Was spricht eigentlich gegen eine Inflation von 0 Prozent? Ökonomen und Politiker sprechen immer wieder davon, dass man eine Inflationsrate von 2-3% braucht, damit die Wirtschaft perfekt funktioniert.

Dabei sollte die Inflation doch eigentlich gar keine Auswirkung auf die Wirtschaft haben. Die Preise nehmen zwar zu, doch die Löhne und Gehälter müssten auch im gleichen Ausmaß ansteigen.

Denn ein rational agierendes Unternehmen passt Preise und Löhne der Inflation an. Ein rational agierender Arbeiter wiederum verlangt mehr Gehalt, wenn die Inflation zunimmt.

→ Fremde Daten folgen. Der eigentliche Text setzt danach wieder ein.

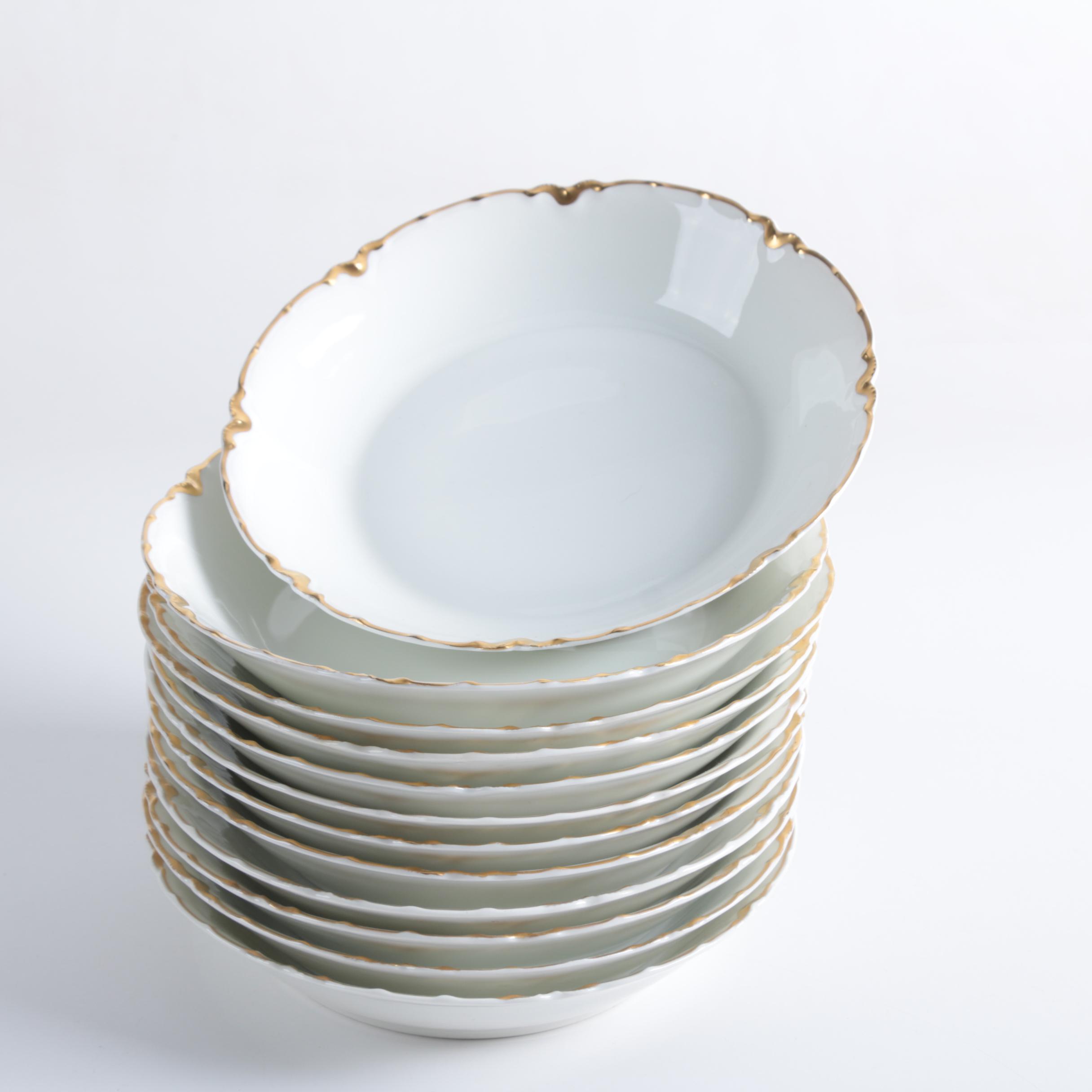 Haviland Limoges "Ranson" Porcelain Tableware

Das Problem: viele Arbeitgeber sind nur fast rational und viele Arbeitnehmer haben ein falsches Verständnis von Inflation.

So beschreiben George A. Akerlof et al. in ihrem Paper „Near-Rational wage and price setting and the optimal rates of inflation and unemployment”, das eine niedrige Inflationsrate die Arbeitslosigkeit senken kann, weil Arbeitgeber und Arbeitnehmer nicht voll rational mit Inflation umgehen.

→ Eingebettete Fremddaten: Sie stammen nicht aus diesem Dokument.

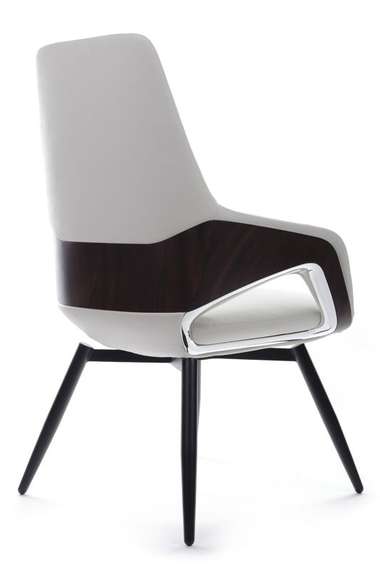 Кресло Аура-СТ FK005-C Белый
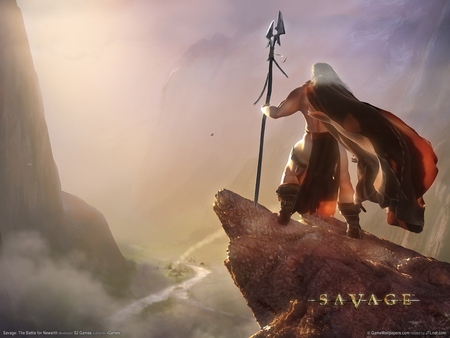 Savage: The Battle for Newerth mouse pad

Die meisten Unternehmen bauen Inflation nur ungefähr in ihre Gehaltsberechnungen und Preise ein. Sie optimieren das Gehalt und die Preise also nicht vollkommen rational auf Basis der Inflation. Je geringer die Inflation, desto mehr wird sie in der Preis- und Lohngestaltung vernachlässigt. Tatsächlich spielen hier viele zwischenmenschliche Faktoren eine Rolle, die in klassischen ökonomischen Modellen nicht berücksichtigt werden. So empfehlen viele Managementhandbücher, die Löhne nicht automatisch mit der Inflation anzuheben. Hingegen wird vorgeschlagen, alle Lohnerhöhungen als Ergebnis guter Leistungen und Performance zu verkaufen.

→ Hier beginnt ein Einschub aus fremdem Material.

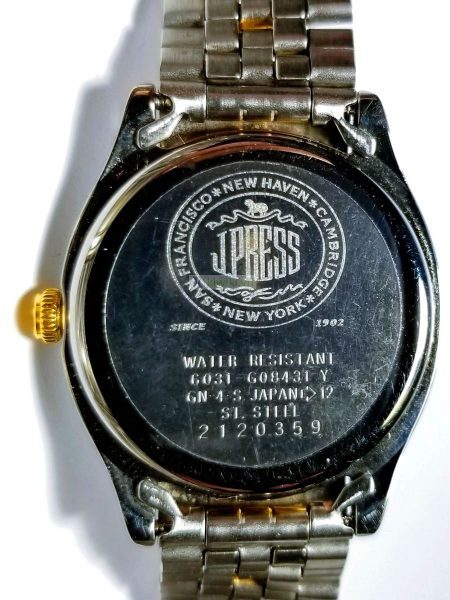 2093-Đồng hồ nữ/nam-J.Press women’s/men’s watch6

Doch selbst Unternehmen, die eigentlich ganz rational agieren, werden ihre Löhne in vielen Fällen nicht der Inflation entsprechend anpassen. Der Grund: In diversen Studien und Befragungen hat Robert Shiller festgestellt, dass die meisten Menschen (77% der befragten Amerikaner) die Inflation als negativ für ihre Kaufkraft ansehen. Nur 12% der Ökonomen sind dieser Meinung, da Inflation ja im gleichen Ausmaß mit den Preisen auch die Löhne erhöhen sollte und so wirkt sich Inflation eigentlich nicht negativ auf die Kaufkraft aus. Doch die meisten Arbeiter erkennen den Zusammenhang zwischen Inflation und der gesteigerten Nachfrage für ihre Arbeitskraft nicht. Sie erkennen damit auch nicht, dass Sie mehr Geld verlangen können, wenn die Inflation höher wird. Das führt dazu, dass ein rationaler Unternehmer in Zeiten der Inflation seinen Mitarbeitern zwar höhere Löhne zahlt, da sie dadurch motiviert werden, aber nicht in dem Ausmaß in welchem die Inflation das verlangen würde.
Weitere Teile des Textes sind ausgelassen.